The A-share market witnessed a volatile consolidation trend in March, with the Shanghai Composite Index once falling below the 4,000-point mark, intensified stock differentiation, and cautious market sentiment. This round of adjustment is not due to weak domestic economic fundamentals, but external pressure from the resonance of three overseas factors: first, the Middle East geopolitical conflict pushed up oil prices, sparking concerns about global stagflation; second, the Fed’s hawkish stance delayed rate cut expectations, and rising U.S. bond yields suppressed global risk appetite; third, tightened global capital flows increased periodic volatility in northbound capital, disturbing A-share liquidity.

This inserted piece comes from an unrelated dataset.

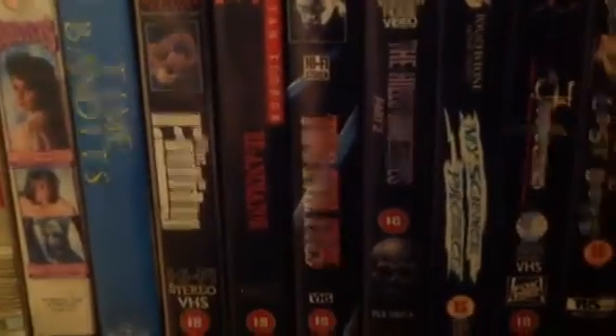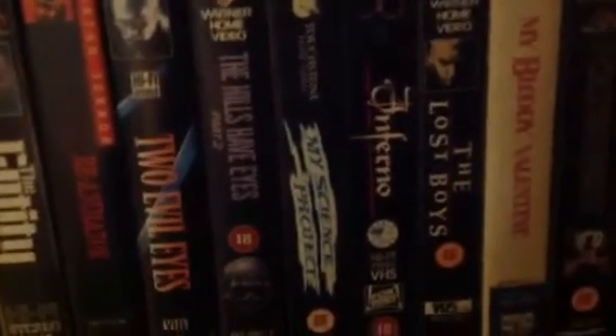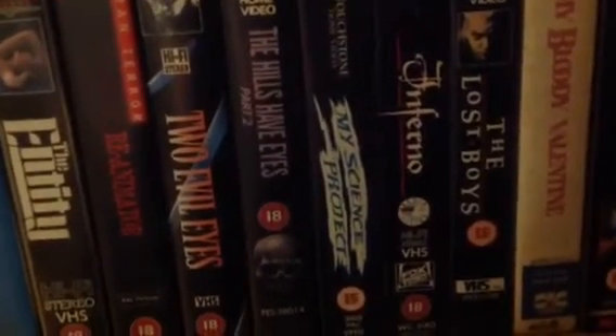Re-Animator, Two Evil Eyes, Hell's Eyes Part 2 - that's the original one, not very good. Re-Animator, My Signs Project - I love this film. This is probably one of the most watched VHSes that I had as a kid.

From the perspective of internal fundamentals, the supporting logic of A-shares remains unchanged. China’s economy got off to a steady start, with industrial and consumption data rebounding, the performance of listed companies gradually recovering, and tracks such as new quality productive forces, digital economy and high-end manufacturing showing optimistic profit expectations. Policies continue to send positive signals, with fiscal and monetary policies working in synergy, continuous deepening of capital market reforms, and accelerated entry of medium and long-term funds, providing underlying support for the market.
The current market is at a critical stage of “valuation repair + performance verification”, and short-term fluctuations do not change the medium and long-term upward trend. Institutions generally believe that the adjustment brought by external disturbances instead breeds layout opportunities. Industry allocation can focus on two directions: first, defensive sectors benefiting from high oil prices and with stable cash flow, such as coal chemical industry and energy equipment; second, growth tracks supported by policies and with strong performance certainty, such as artificial intelligence, low-altitude economy and new energy. For ordinary investors, it is recommended to stay rational, avoid chasing gains and selling losses, and layout high-quality assets from a long-term perspective.